The content of the article is original and shows progress in the area of knowledge.
The work methodology is exposed and an analysis of the results is carried out.
However there are some improvements to be accepted:
a) It would be necessary to extend the state of the art
b) It would be necessary to extend the discussion section in which the presented work is compared with other similar works and the limitations and advances of the work are indicated.
c) Some lines of future work should be indicated.
Author Response
Please see the attachment.
Author Response File:
Author Response.pdf
Reviewer 2 Report
-The author should explain more information about research hotspot in education.
-The author should explain about power IOU loss function in YOLOv5. and what is the full meaning of IOU ?
-The author should provide more detail about the architecture of the YOLOv5 model versus another YOLO model? and the author should bring compare table of the YOLO in this paper.
-How the residual model of ResNet does it work? and bring more detail. what are difference residual module and residual networks in deep neural networks?
-The author should explain about architecture of the CoAtNet Network can merges the convolution and self-attention within one basic computational block.

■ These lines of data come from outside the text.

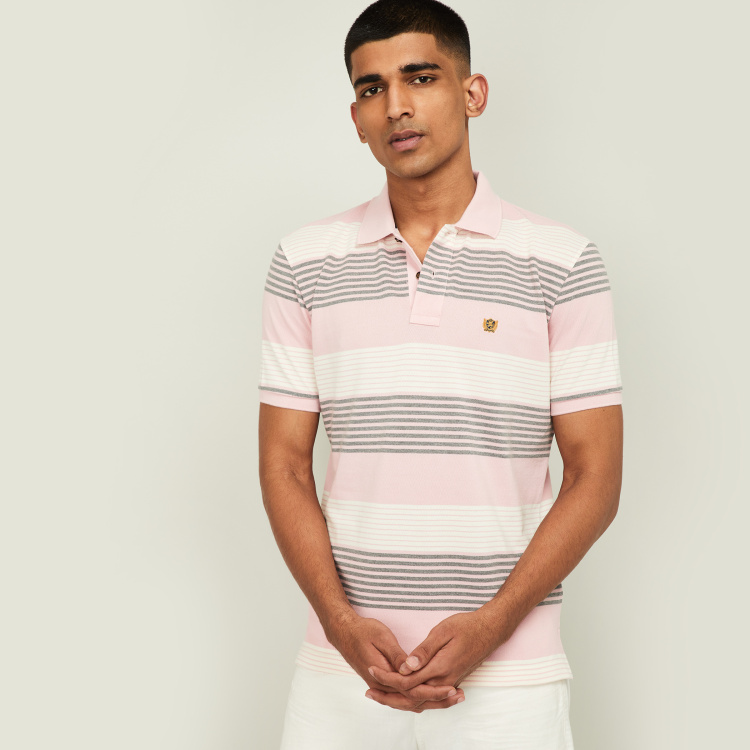

FAHRENHEIT Men Striped Slim Fit Polo T-shirt, Pink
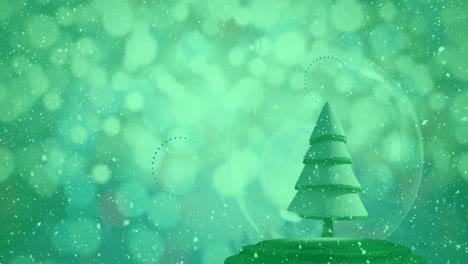 animation of christmas tree in snow globe and snow falling over green background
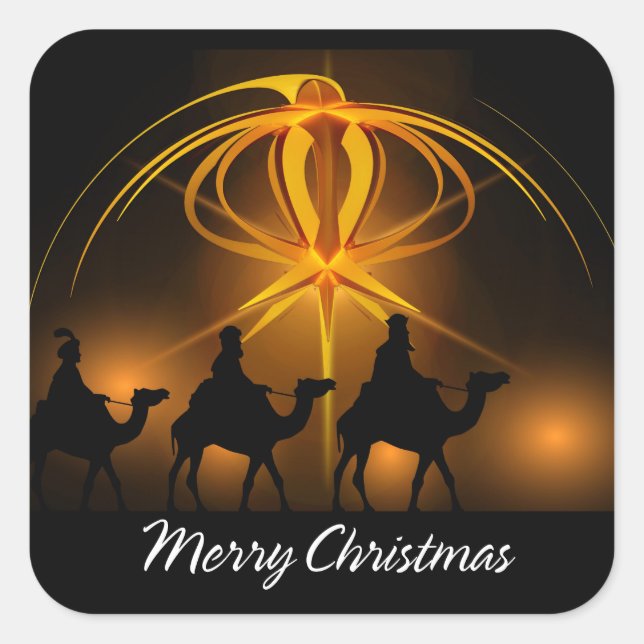 Frohe Weihnachten 92 Quadratischer Aufkleber (Vorderseite)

and what is ConvNets and superior model that can be used in ConvNets?
-The author should explain about Image samples with different engagement levels in the overall dimension. for example the student pretend to study How do we know that student is engagement in this class?
-The author should explain about students detection based on YOLOv5 in class. and how the grid at the center of student predict bounding box, confidence?

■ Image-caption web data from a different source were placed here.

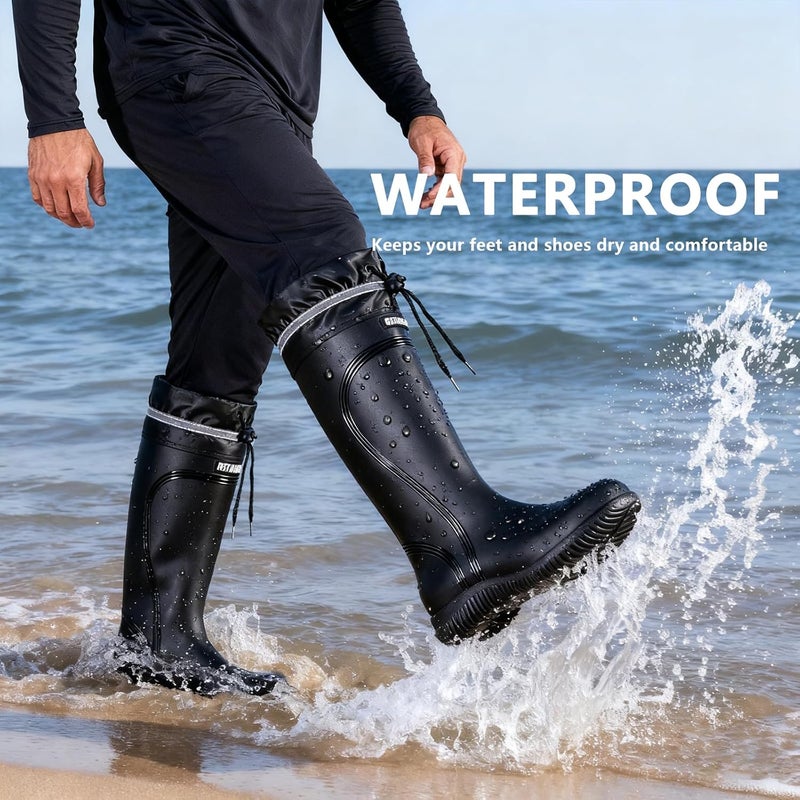 E KAINI Rain Boots for Men Waterproof Mens Knee High with PVC Rubber Boots Mens Mud Boots, Comfort Lightweight Gardening Fishing Shoes for Yard Farm Outdoor Work - Image 2
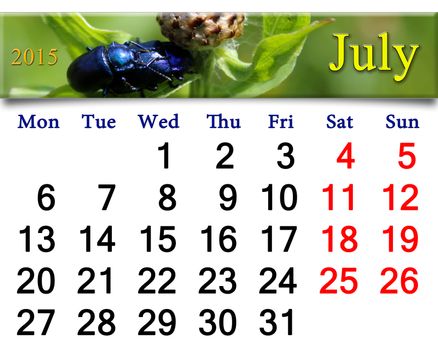 calendar for September of 2015 with image of calendar for July of 2015 with blue beetles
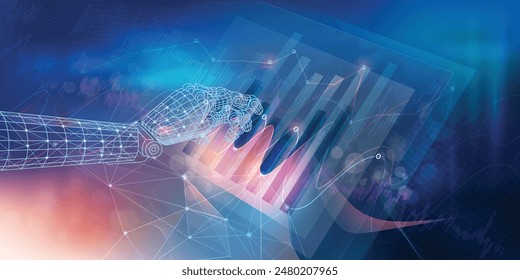 Digital infographic with visual graph of economic growth and financial data analysis.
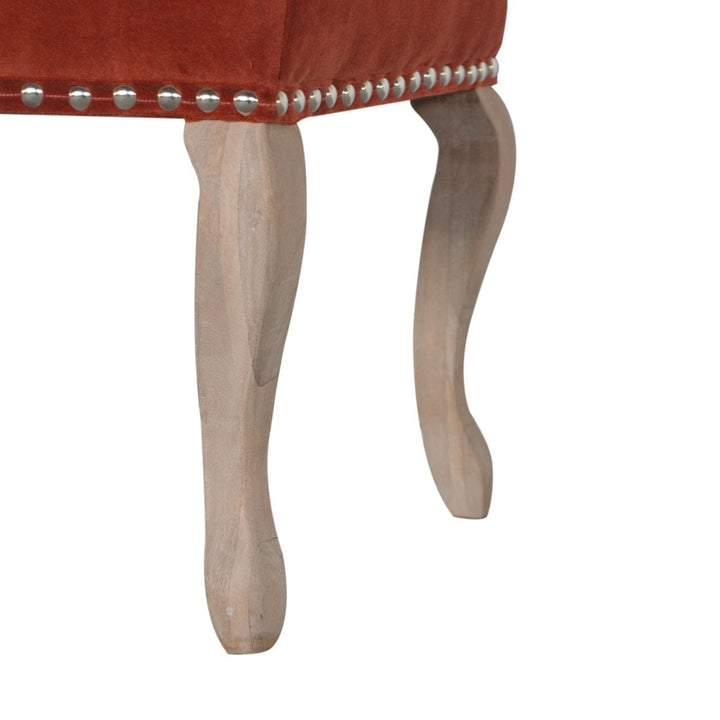 Mid-Century Modern French Style Rust Velvet Bench - Solid Mango Wood Seating Furniture for Entryway - product view 8...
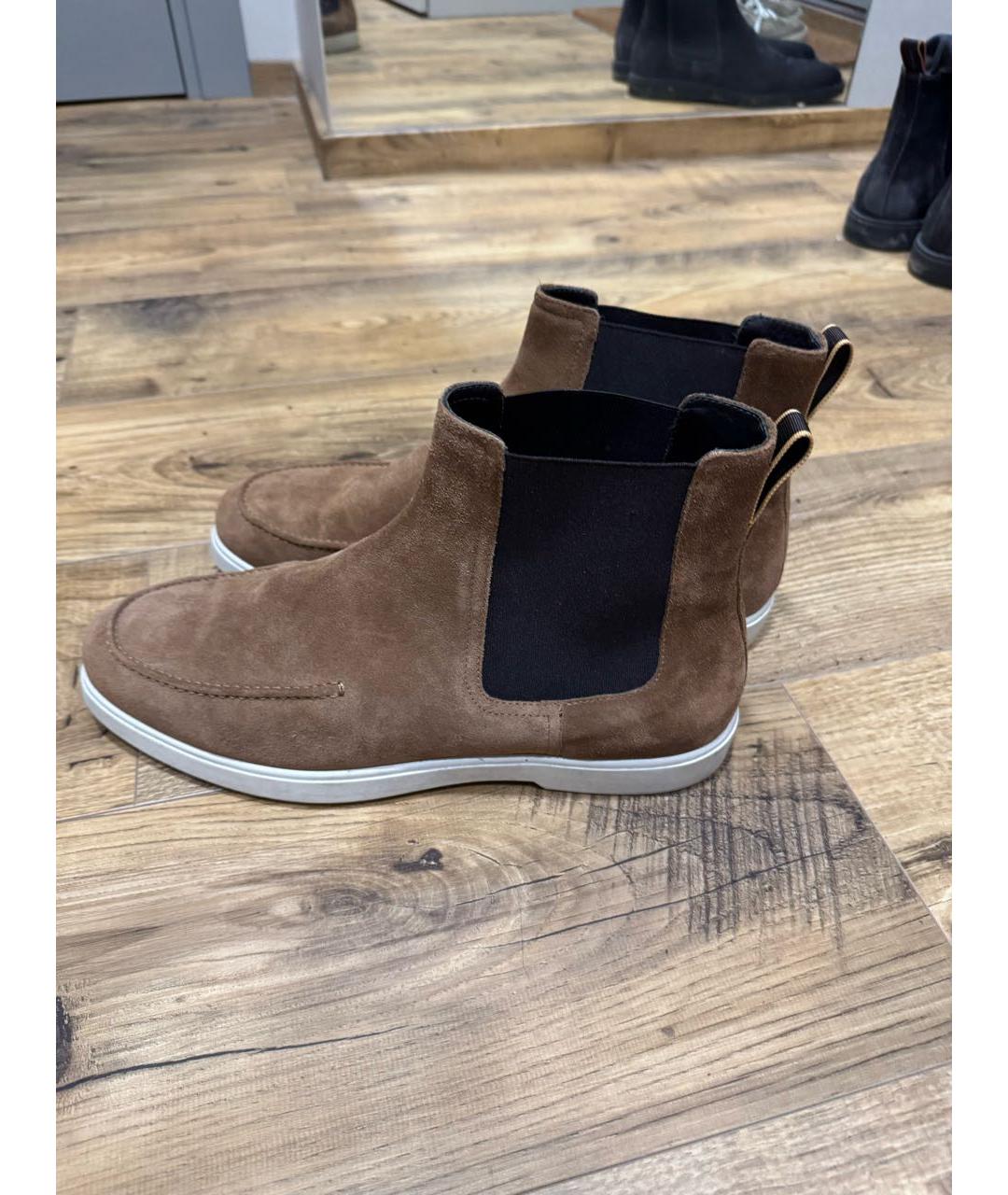 MOORER Коричневые замшевые высокие ботинки, фото 6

For example if they put the something without students, How can it work?
-The author should check the equation again. So it looks like some mess up.
-The author should explain bimodal learning engagement recognition methodology work. and how emotional Engagement Net and Behavioral Engagement net work in
Learning engagement recognition?
-How the mAP curve can increase sharply and tends to be stable? So the author should explain mAP under the experiments with different loss functions?
-The author should proof the reason of the test accuracy with different networks. and the author should proof the ResNet50 why is the highest for network with accuracy of 0.873.
Author Response
Please see the attachment.
Author Response File:
Author Response.pdf
Round 2
Reviewer 1 Report
The paper can be accepted in current form
Author Response
Thanks for your kind help and positive comments.
Reviewer 2 Report
The paper is well revised and can be accepted.
Author Response
Thanks for your kind help and positive comments.